Tentu saja, pernikahan itu bukanlah sembarang pernikahan alias bukan pernikahan biasa. Tujuan mereka menikah di sana sudah dipertimbangkan dengan matang. Siapa yang akan dinikahi, dari mata rumah/marga apa, tampaknya sudah dipertimbangkan secara masak. Ada dua pernikahan yang bisa dijadikan contoh. Pertama, di Negeri Haya dan berikutnya di Negeri Siri-Sori Islam.
Islamisasi Melalui Pernikahan di Negeri Yama Elhau
Syekh Abdurrahman Assagaf alias Maulana menikah dengan Nyai Marauta adik dari raja Pati Kaihatu dari Negeri Oma Pulau Haruku, dikaruniai 5 orang anak empat putra dan satu putri. Beliau berhasil meng-Islam-kan Negeri Oma. Anak cucunya bermarga/fam Wattiheluw dan Toisuta di Siri Sori Islam, serta Latuconsina di pulau Haruku.
Zainal Abidin Al-Idrus menikah dengan Nyai Wasolo putri Paku Alam dari Keraton Solo, dikaruniai seorang putra bernama Bahrun. Anak cucunya bermarga/fam Holle di Siri Sori Islam, Latin di Hila dan Lestaluhu di Tulehu Ambon dan juga Litiloli di Kulur dan Iha. Para ulama dari Baghdad itulah yang pertama kali memperkenalkan agama Islam di pulau Saparua dan pulau-pulau sekitarnya.
Setelah keduanya (Abdurrahman Asagaf dan Zainal Abidin Al Idrus) keluar dari Saparua akibat perang antara Uli lima dan Uli siwa (Kerajaan Tidore dan Kerajaan Ternate), maka misi Islam dilanjutkan oleh seorang ulama dari Timur Tengah lainnya yang oleh masyarakat Saparua menyebutnya dengan Hijratuddin (wafat di Siri Sori Islam pada tahun 1286 M).

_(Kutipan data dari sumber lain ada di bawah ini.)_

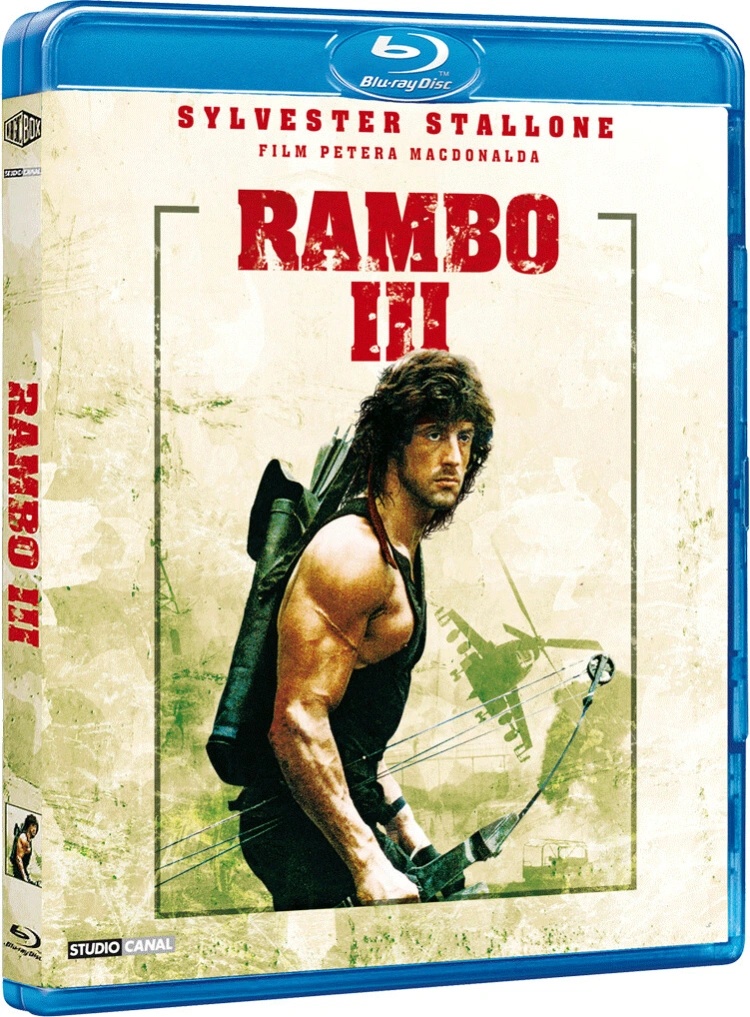 Rambo III.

Beberapa puluh tahun kemudian datang seorang ulama dari Tuban Jawa Timur bernama Abdullah, mendapat gelar Sopaleu. Lalu sekitar akhir abad ke 15 M datang mubalig dari Aceh bernama Tengku Umar dan mubalig dari Cina bernama Ma Hwang, masyarakat ketika itu menyebutnya Upuka Mahuang. Mereka menyiarkan Islam di Saparua, Haruku, Seram dan Ambon.
Islamisasi Melalui Pernikahan di Negeri Yama Tohia (HAYA)
Untuk di Negeri Haya, setelah tiba di Tanjung Tohia, Syekh Maulana Idris Bayanullah kemudian menikahi Poku Masa Yamanokuan. Poku Masa alias Poe Masa adalah seorang putri dari Yamanokuan, raja atau tuan tanah Kerajaan Tohia. Meski pada awalnya menghadapi rintangan, namun dari pernikahan tersebut menghasilkan suatu komunitas yang semakin besar dan diperhitungkan. Bahkan, komunitas baru ini lebih banyak dari penduduk sebelumnya.
Dari keturunan Maulana Idris ini muncullah beberapa marga/fam, di antaranya Samalehu, Hayoto (Syarif), Yapono, Namakule, Lesipela, Mahu dan Marga Supalee. Oleh sebab itu tidak mengherankan bila kemudian posisi tawarnya menjadi semakin tinggi.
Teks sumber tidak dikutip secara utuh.